Are you crossover frequencies and channel levels set up OK for everything else?


----------



## slidell (Jan 23, 2007)

I guess I miss understood bobgpsr, the A2 and the XA2 are the same? I need to download the manual and see just what my options are.

Thanks Otto


----------



## Otto (May 18, 2006)

Not sure.... Which unit are you using?


----------



## Snatcher (Jan 8, 2007)

I have an HD-A1 and a Yamaha RX-v1700 receiver, and have that particular player connected via the analogs (my Loewe Aconda has no HDMI in, and the player won't output component video when HDMI audio is enabled).

You will indeed need to compensate for the 10 dbs on the LFE channel from the Toshiba. The Onkyo I had before (the 604) did compensate for the 10 db, but the Yamaha doesn't and there is no option to do so, even using the Receiver Manager Software. I had to calibrate everything with the volume on the sub 10 db hot and the Receiver at -10 for the sub, and the Toshiba at its own levels.

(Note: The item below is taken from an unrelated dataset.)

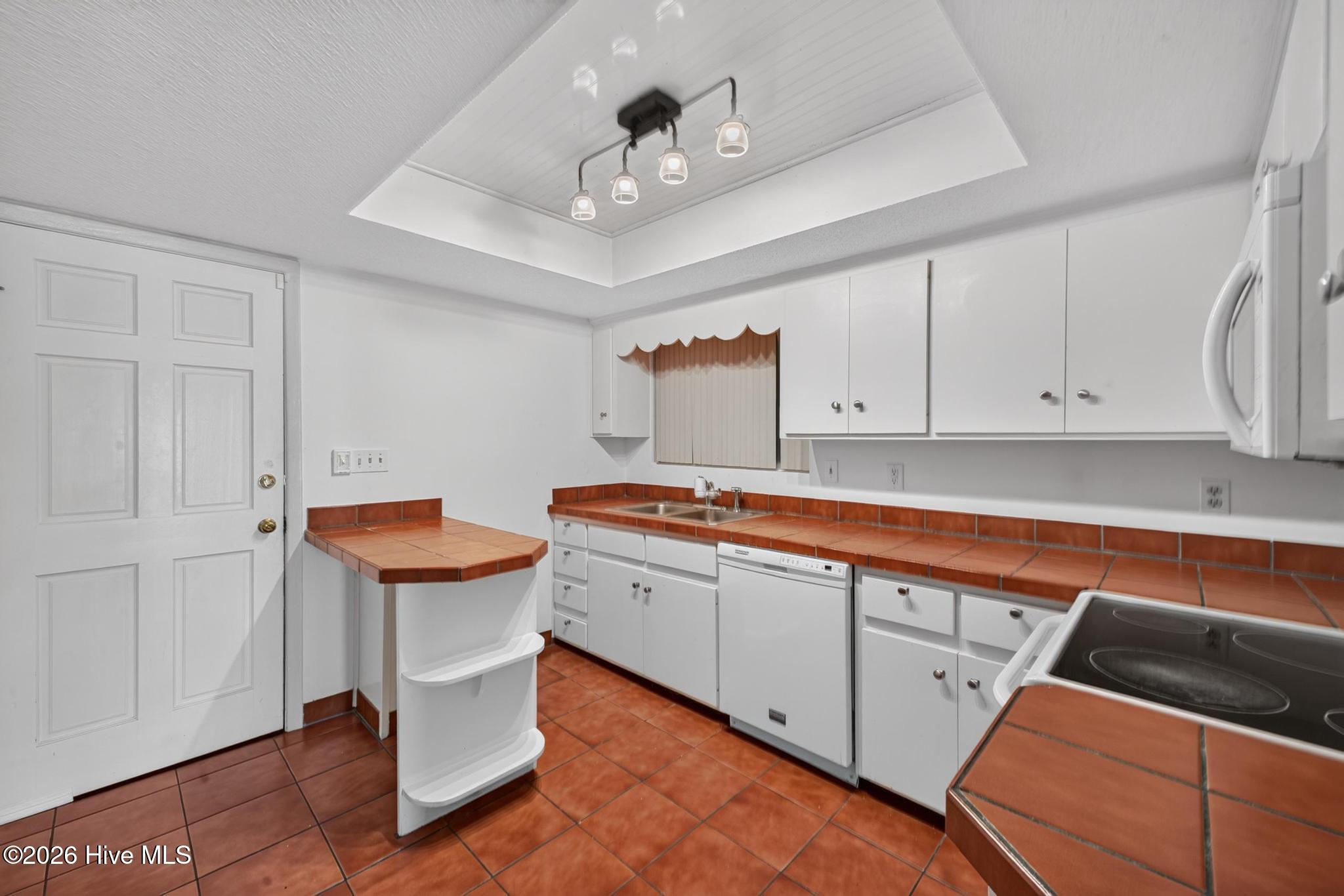 3538 Gleneagles Drive Property Photo 6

Bass management does work, but the Yamaha would do a way better job so I'd recommend you switch to HDMI whenever possible.


----------



## slidell (Jan 23, 2007)

OK, thanks guys. I haven't bought yet so testing the old waters. The A2 price has come down that I'm close to buying even without the HDMI on the receiver. I need to do my homework a bit more...


----------



## bobgpsr (Apr 20, 2006)

slidell said:


> I guess I miss understood bobgpsr, the A2 and the XA2 are the same? I need to download the manual and see just what my options are.

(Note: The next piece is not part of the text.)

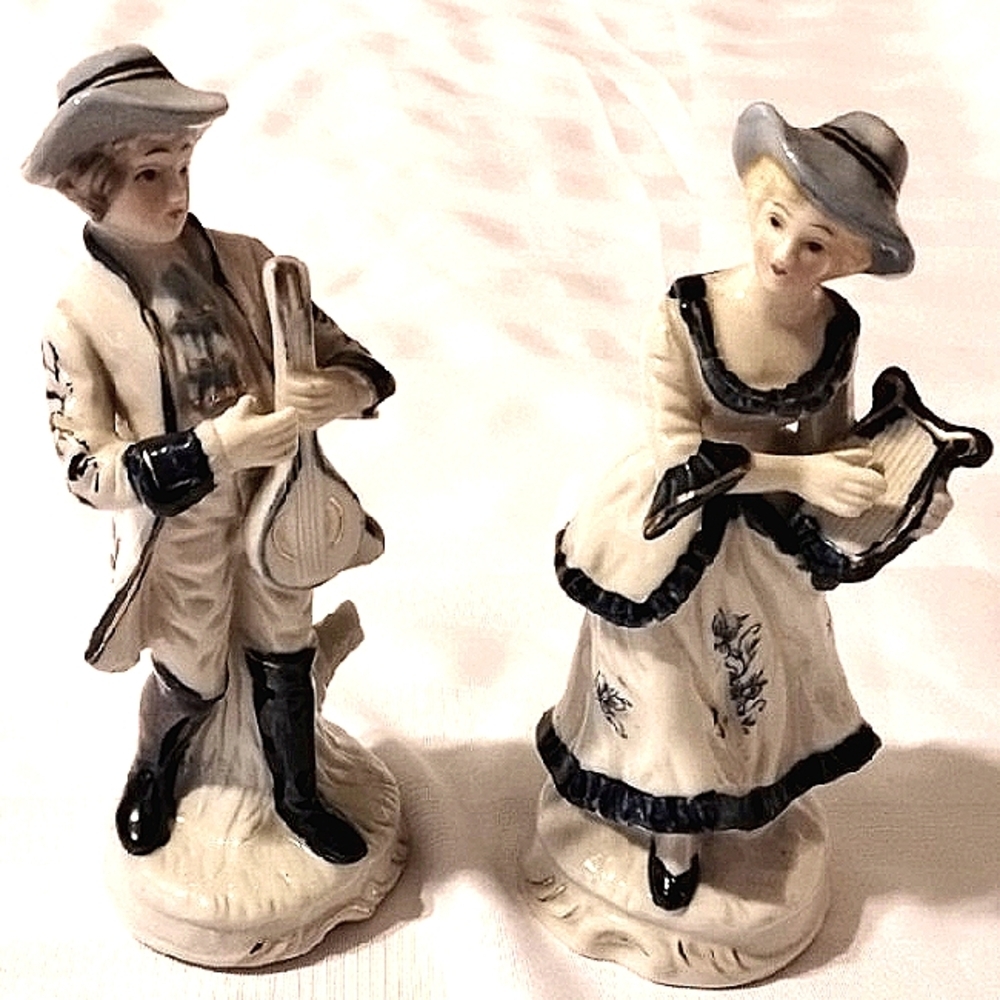 Elegant Genuine Porcelain Victorian Musical Couple Figurine Set - Blue and White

No they are not. The A2 does not have multichannel analog outputs -- most users use either HDMI multichannel LPCM or the Toslink digital audio. NO bass management needed in the player -- you use your AVR/Pre-Pro bass management for those interfaces. 

Whereas the HD-XA2 does have 5.1 multichannel analog outputs and attempts to do bass management -- but it needs fixing. 

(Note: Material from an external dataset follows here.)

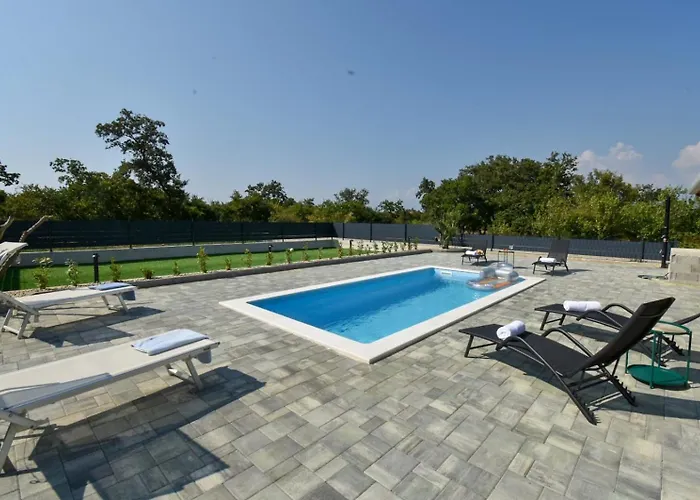 Pool House Bruno *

The HD-A1 and HD-XA1 (gen 1) players are ok in this area -- their b.m. works and they both have 5.1 multichannel analog outputs.


----------



## bobgpsr (Apr 20, 2006)

We have found that the audio will work fine on the 5.1 analog outputs and the bass management works with 1.6 firmware. The trick that we have learned is that you have to set the XA2 SPDIF output to PCM in order to have the bass management work on the 5.1 audio analog outputs. A goofy XA2 bug/workaround. :coocoo:


----------



## Vader (Jul 8, 2006)

One thing to bear in mind here. With Ed Mullens help, I just got my sub bottoming problem solved, and it is a direct result of the bass management bug in the Toshiba (A1 in my case, don't know if it also plagues the 2nd gen). Essentially, it fails to give the industry-standard 10dB "kick" to the LFE prior to sending it out over the analog channels. That can be corrected for with no problem, but the kicker is that the _redirected bass_, which never was 10dB too low to begin with, is now _10dB hot_. As a result, my subs were getting the LFE info at the standard level, and the redirected stuff off the charts. For the time being (until Toshiba fixes this in a firmware upgrade), I switched back to bitstream, and will let my AVR do the bass management stuff, and do it right... I will miss the awsesome clarity of TrueHD, but I would rather have my bass mixed and balanced properly...


----------



## MACCA350 (Apr 25, 2006)

The industry standard in relation to the LFE boost required at the AVR is:

10db when speakers are set to LARGE in the player(when there is no redirection of bass)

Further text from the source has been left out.